By the mid-1920’s an American named Roswell Eldridge began to search for foundation stock in England for Toy Spaniels that resembled those in the old paintings, but he found only the King Charles (known as ” Charlies”) He persisted, persuading the Kennel Club in 1926 to allow him to offer prizes of 25 pounds annually for five years at Crufts Dog Show to the persons who presented the dog and bitch most resembling the dogs of the 17th century – “as shown in the picture of Charles II’s time, long face, no stop, flat skull, not inclined to be domed, with the spot in the centre of the skull”

A few people accepted the challenge and bred from throwbacks to this type of spaniel. In 1928, a dog owner by Miss Mosteyn Walker, “Ann’s Son” was awarded the prize. The Cavalier King Charles Spaniel Club was formed on the second day of Crufts Show in February 1928. A breed Standard, using Ann’s Son and examples in paintings as models, was drawn up and Amice Pitt took on the stewardship of the breed and influenced its development for fifty years. Roswell Eldridge died at the age of 70, a month before Crufts in 1928, so he never saw the results of his challenge prizes.

The revival of the breed did not go so far as to return to the small eyes and snipy muzzle of the 18th century, but called for dark, lustrous, large, but not protruding eye and a full muzzle with cushioning on the cheeks that gives a soft, gentle look. There was little support for the “old-type” spaniel in the beginning and some ground was lost during World war II when few people could keep the breed going. Even so, soon after the return to peacetime, the Kennel Club granted the Cavalier King Charles Spaniel separate registration from the English Toy Spaniel (King Charles) and gave it a set of Challenge Certificates in 1946.

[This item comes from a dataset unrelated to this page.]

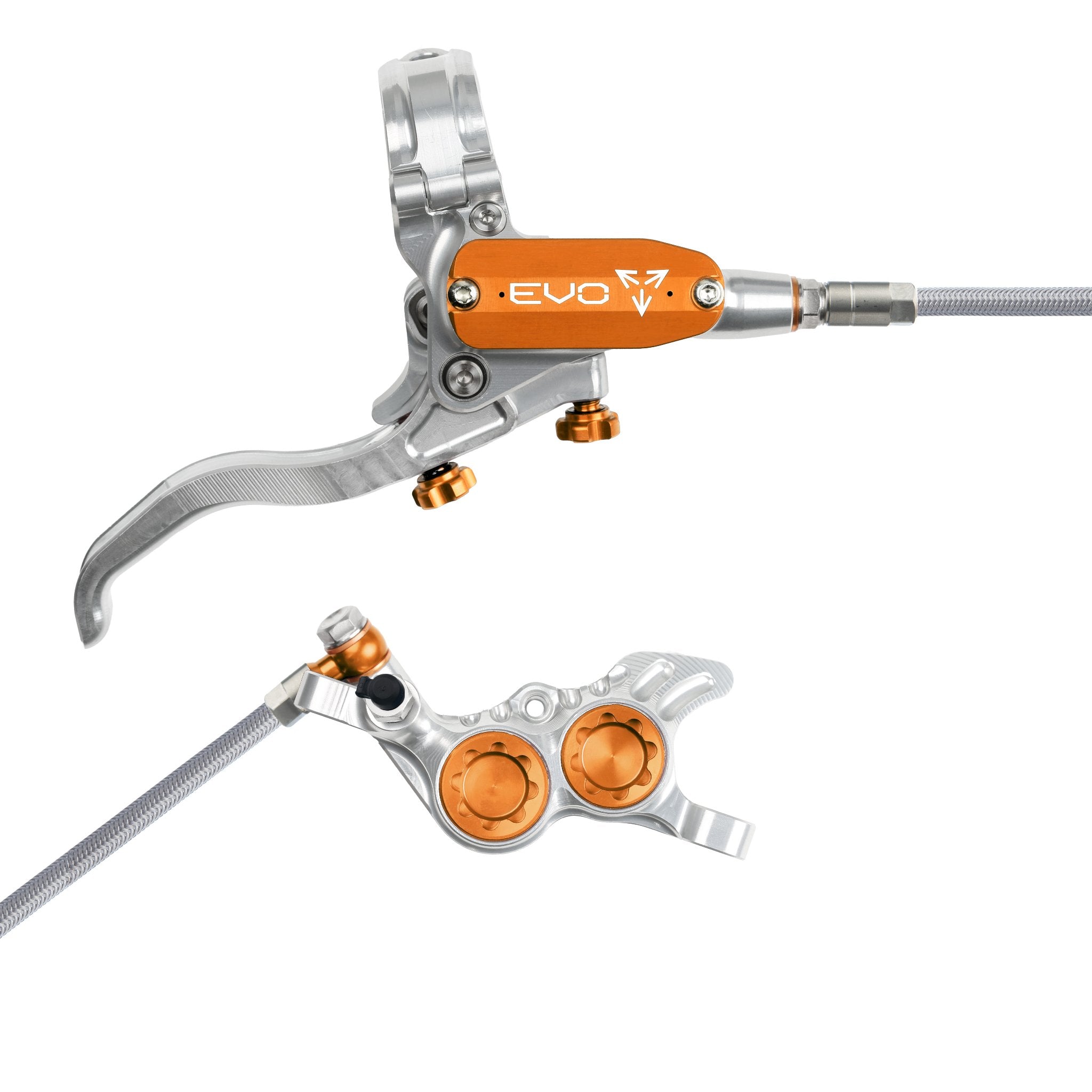 Hope EVO GR4 Disc Brake Silver/Orange / Right Hand / Braided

In this first year as an officially distinct breed, Amice Pitt’s Daywell Roger of Ttiweh won the dog cc and Katie Eldred’s Belinda of Saxham won the bitch cc. The breed grew in numbers and quality in England, to the point where it is by far the most popular toy dog and in the top five all breeds.

Meanwhile in the USA, Mrs W L Lyons Brown of Kentucky had been sent three Cavaliers by her friend Lady Mary Forwood. She found the others in America who owned Cavaliers and organised the CKCSC-USA in 1956 with the idea of keeping a stud book and getting together with other American fanciers. In 1956 the friends gathered at “Sutherland:, the home of Mr and Mrs George Garvin Brown in Prospect, Kentucky for the first Cavalier King Charles Specialty Show in America. By then 118 dogs had been registered, 68 of them born in the US from 24 litters.

And that was the start of the Cavalier King Charles Spaniel Club USA- prior to recognition by the American Kennel Club commonly still called the “Old Club” The AKC forced recognition some twenty years ago and now there is a thriving American Cavalier King Charles Spaniel Club.